In this paper, we design a distributed DNN scheduler (\(D^2\text {S}\)) to accelerate the training for DNN in GPU resource cloud. The \(D^2\text {S}\) uses a graph to combine two orthogonal optimization problems. Within the graph, different costs are attached to different optimized operations. In this way, the solution is given by using minimum costs flows algorithm. Our contribution contains three aspects as follows. (1) We firstly implement the distributed DNN training in MapReduce. GPUs are assigned to parallel DNN training phases as a cloud service. (2) Data transmission is considered to accelerate the training time for distributed DNN training. \(D^2\text {S}\) maximizes the ratio of data locality to introduce the shortest transmitting time. (3) Synchronizing mechanism ensures actual parallel training in distributed nodes for DNN. The assignment of GPU resources is adjusted dynamically according to training progresses. Finally, we use three types of DNN models to test \(D^2\text {S}\) in the experiments. Compared with original schedulers, \(D^2\text {S}\) guarantees applications to complete in a stable shorter time. In addition, \(D^2\text {S}\) occupies least network traffic by avoiding long-distance data transmission.

The rest of paper is organized as follows. Section 2 describes related works about promoting DNN training and data transmissions in MapReduce. Section 3 gives the model design in details. At last, experimental results and analysis are displayed in Sect. 4 while Sect. 5 concludes the work.

2 Related Work

Many researches are focus on improving parallel training for DNN. A general framework is used to optimize social cost function for parallel training neural networks models [14]. Some works are focus on enabling parallel training on different systems such as IBM Blue Gene/Q [6], Spark [17] and so on. A software package, called ZNN [23], is introduced to support training convolutional networks on multiple Central Processing Unit (CPU) machines. There are also some works to increase the utilization of GPU in cloud computing. Remote GPU virtualization technique enables single GPU to be accessed by different virtual machines [13] in cloud computing. Even GPU spot instances in AWS EC2 makes it possible to renew interrupting training tasks [9]. But the efficient solution to accelerate distributed DNN training is still a fade zone.

The optimization of data transmission is common in MapReduce. Most schedulers target reducing task-level data transmission as the only goal. Delay scheduler [20] makes tasks wait for data-storing nodes to become free computing nodes. Next-k-node scheduling [21] and minimum network resource consumption model [15] select computing nodes with the shortest delaying time to run tasks instead of greedy waiting policy. These schedulers give the best performance to each task while the makespan of applications stays unstable.

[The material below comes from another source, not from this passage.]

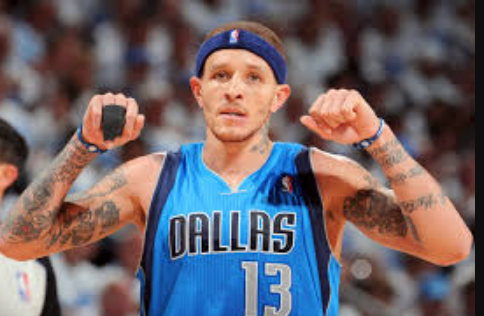 delonte west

Application-aware scheduling policies take the makespan of applications into assigning tasks. All free resources belong to the most urgent applications [12]. Some schedulers pick up nodes for prior applications to achieve their best performances [16]. Further, Software Defined Network (SDN) [22] and Openflow [10] are deployed to construct specific network topology and program routing path for some applications to avoid network congestion. There is no doubt that the application that monopolizes entire cluster resources can receive the shortest makespan. Together with successive applications, not all applications get a good performance.

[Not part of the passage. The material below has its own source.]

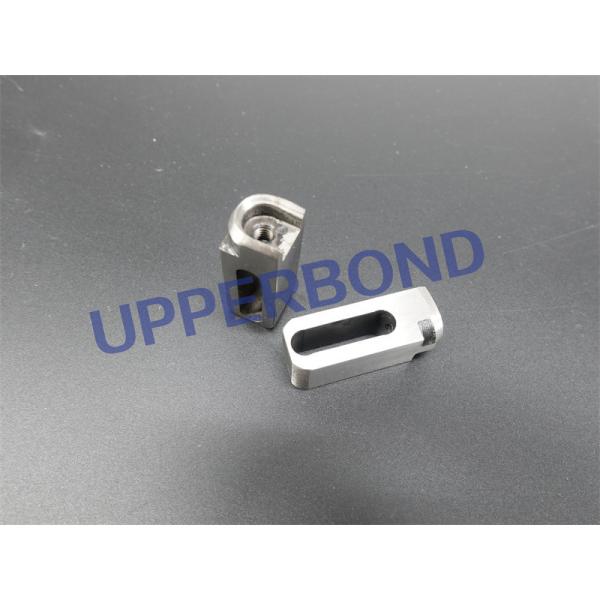 Лезвие резца u лент разрыва машины упаковщика сигареты формирует ножи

In order to serve concurrent applications, coarse-grained schedulers like FAIR Scheduler and Capacity Scheduler [4] split resources into small groups to meet different types of applications. Fine-grained schedulers like Quincy [8] match map tasks in different applications to appropriate nodes. Receding horizon control policy [18] optimizes reduce tasks for all applications. Based on deadlines, the scheduler [5] distributes resources among applications by a graph model. All these applications are independent while DNN training applications are successive. In this way, applications need to keep up with each other without a defined deadline for distributed DNN training.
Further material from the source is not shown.